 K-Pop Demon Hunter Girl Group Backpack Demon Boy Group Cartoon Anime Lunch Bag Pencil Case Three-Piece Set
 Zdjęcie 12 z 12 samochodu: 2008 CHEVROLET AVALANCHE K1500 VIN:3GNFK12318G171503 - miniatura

--

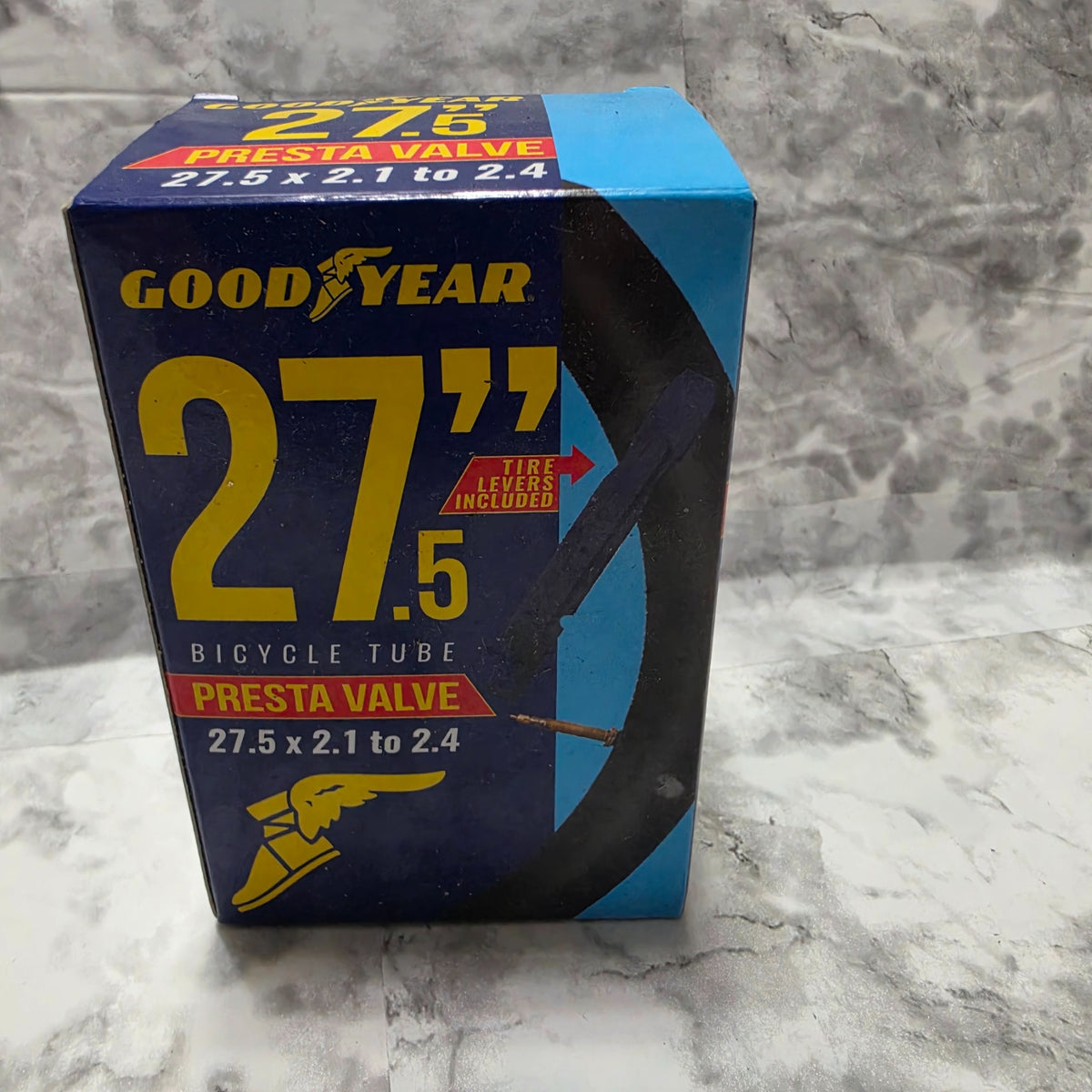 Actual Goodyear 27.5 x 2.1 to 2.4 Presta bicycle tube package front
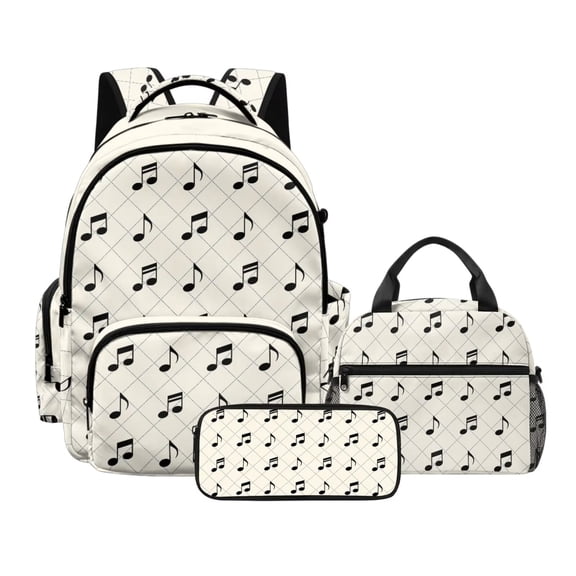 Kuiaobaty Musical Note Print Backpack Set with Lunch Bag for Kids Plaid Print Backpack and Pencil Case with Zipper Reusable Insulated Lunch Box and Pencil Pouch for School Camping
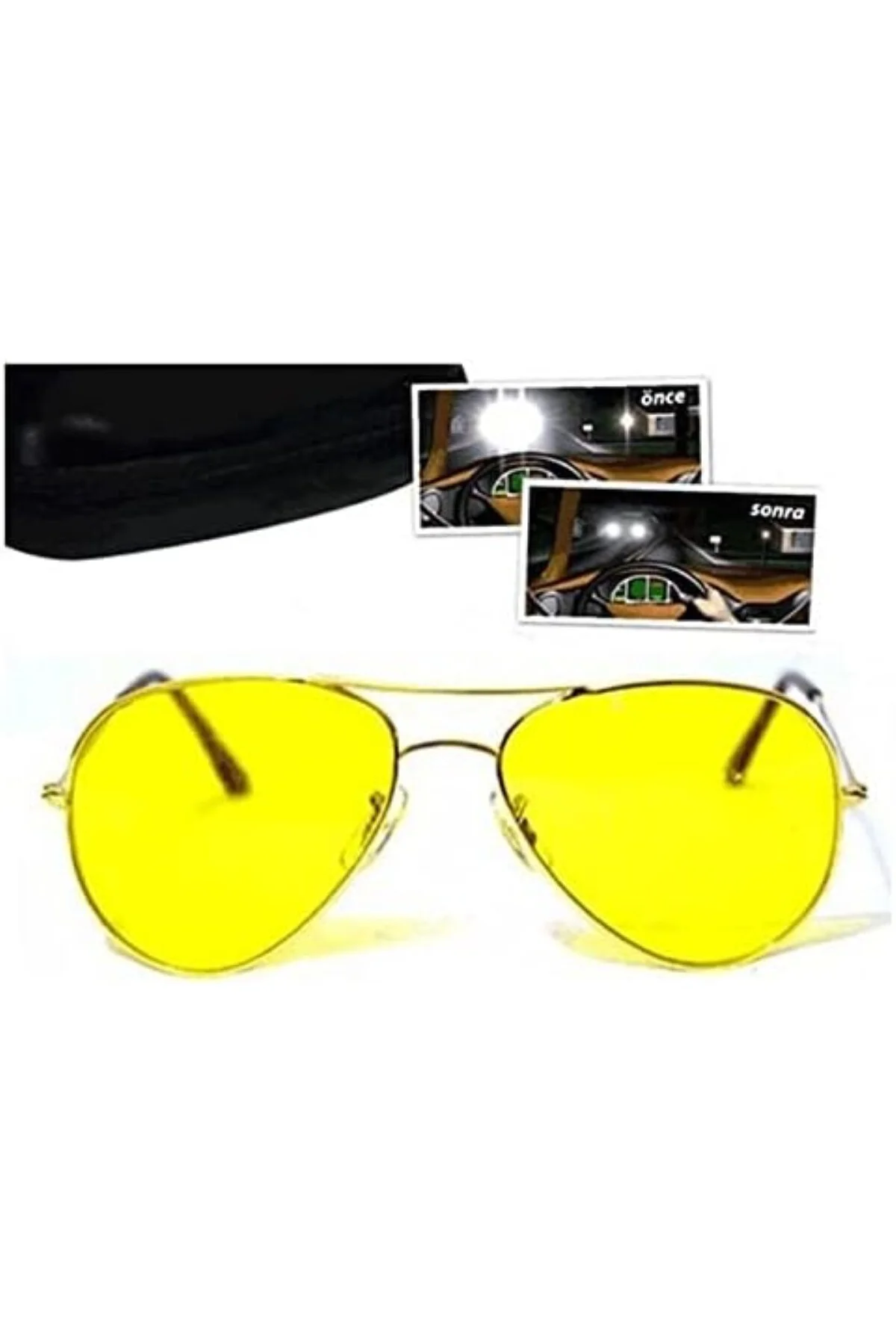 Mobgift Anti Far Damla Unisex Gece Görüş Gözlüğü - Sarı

— Problem to solve —
Pictures do not belong in the answer. Return the lines above starting at the one with "Actual Goodyear 27.5" and ending at the one with "Mobgift Anti Far", both kept, exactly.

— Written answer —
 Actual Goodyear 27.5 x 2.1 to 2.4 Presta bicycle tube package front
 Kuiaobaty Musical Note Print Backpack Set with Lunch Bag for Kids Plaid Print Backpack and Pencil Case with Zipper Reusable Insulated Lunch Box and Pencil Pouch for School Camping
 Mobgift Anti Far Damla Unisex Gece Görüş Gözlüğü - Sarı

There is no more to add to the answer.